Travail dominical : le retour
France Info – Chronique Emmanuel Kessler – 27/04/09
Travail dominical : le retour. Le ministre du Travail, Brice Hortefeux, l’a annoncé hier : il veut faire adopter cet été par le Parlement une nouvelle proposition de loi facilitant le travail du dimanche. On croyait pourtant le dossier enterré. Pourquoi le gouvernement revient-il à la charge ?
La messe du commerce dominical n’est pas dite. En décembre, le gouvernement avait interrompu l’examen du texte pour cause de fronde parlementaire – guerre d’amendements à gauche, mais aussi grogne à droite. S’il remet cette réforme à l’ordre du jour, il faut d’abord y voir une intention symbolique. La crise a brouillé pistes. Alors il s’agit de montrer que malgré elle, les réformes continuent. On arrive aussi au deuxième anniversaire de l’élection de Nicolas Sarkozy. Les bilans vont fleurir. Le chef de l’Etat s’est fait élire sur un engagement de rupture, de réformes qui bousculent des règles du jeu économiques et sociales établies depuis longtemps.

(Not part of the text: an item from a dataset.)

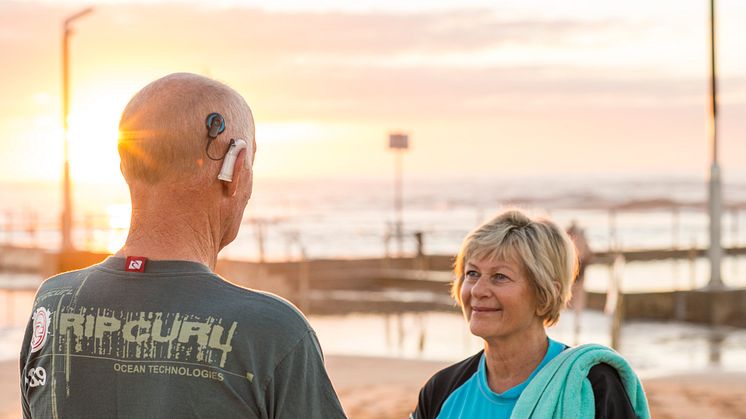 Cochlear_Aqua+_Ehepaar am Strand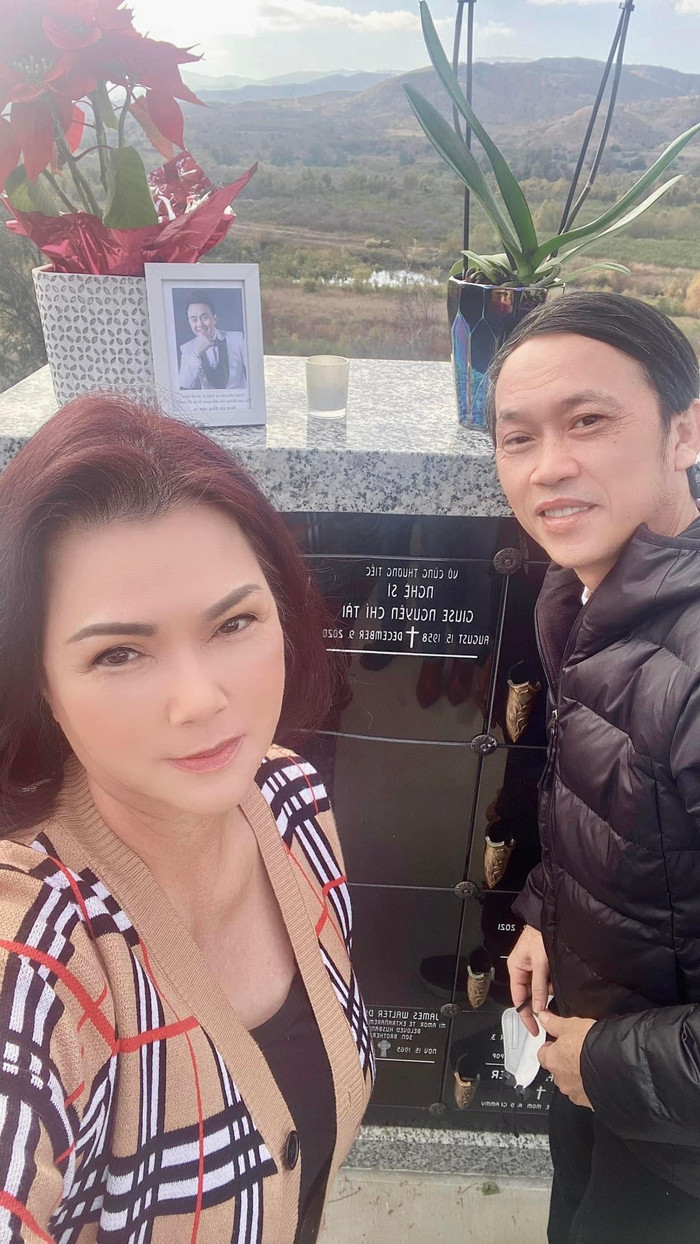 Ca sĩ Phương Loan cùng nghệ sĩ Hoài Linh cùng những người bạn đến thăm mộ cố nghệ sĩ Chí Tài trong giỗ thứ 3.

Son socle électoral, à droite, exprime des doutes sur l’ampleur réelle de ce qui a été menée : on se demande aujourd’hui par exemple si, compte tenu des concessions faites aux syndicats, une réforme emblématique comme celle des régimes spéciaux de retraite ne coûte pas plus cher qu’elle ne va rapporter. Il y a donc là une piqure de rappel du sarkozysme façon 2007. On est plus dans la politique que dans l’économie.
Oui mais dans la période actuelle, est-ce que faciliter l’ouverture des magasins le dimanche ne va tout de même pas créer de l’activité et de l’emploi ?
Une étude du Credoc, le Centre d’étude sur la consommation, vient de monter que les Français, s’ils sont plutôt favorables dans le principe à une plus grande souplesse pour faciliter leur vie quotidienne, n’en ressentent absolument pas l’urgence. Comme consommateurs ils sont plutôt pour ; comme salariés, ils sont majoritairement contre. En tout cas, il n’y pas d’aspiration profonde pour une telle réforme. Ensuite, l’effet économique serait très limité. Ce que qui serait consommé le dimanche, ce serait surtout un report d’achats qui n’auraient pas été faits en semaine. Enfin, il pourrait y avoir à terme 15 000 emplois de plus dans des commerces non alimentaires, centres commerciaux par exemple, mais autant de supprimés dans le petit commerce si tous les hypermarchés décidaient d’ouvrir le dimanche. Bref : un jeu à somme nulle*. Seules les zones touristiques, où il y a des incohérences et des rigidités, sortiraient gagnantes. C’est finalement sur elles que devrait se concentrer une réforme dont l’affichage risque fort d’être plus ambitieux que la réalité.**
* NDLR : M Kessler a retenu un scénario favorable de l’étude du CREDOC. Un autre scénario, moins favorable, table sur une perte nette d’emplois (destructions d’emplois dans le commerce traditionnel, au profit de la grande distribution).
** NDLR : les zones touristiques ne sont pas demandeuses d’une telle réforme. Les zones demandeuses sont pour le moment Plan de Campagne, la Défense, le centre Usine Center de Villacoublay, certaines grandes enseignes du Val d’Oise, toutes zones où les touristes japonais, que ce soit le dimanche ou les autres jours, sont assez peu nombreux ! La seule zone véritablement touristique demandeuse est l’avenue des Champs Elysées, à Paris, encore que le dossier soit assez troublé par les actions de lobbying intensif des magasins Vuitton. Pour cette dernière zone, il n’est toutefois pas besoin d’une loi spéciale.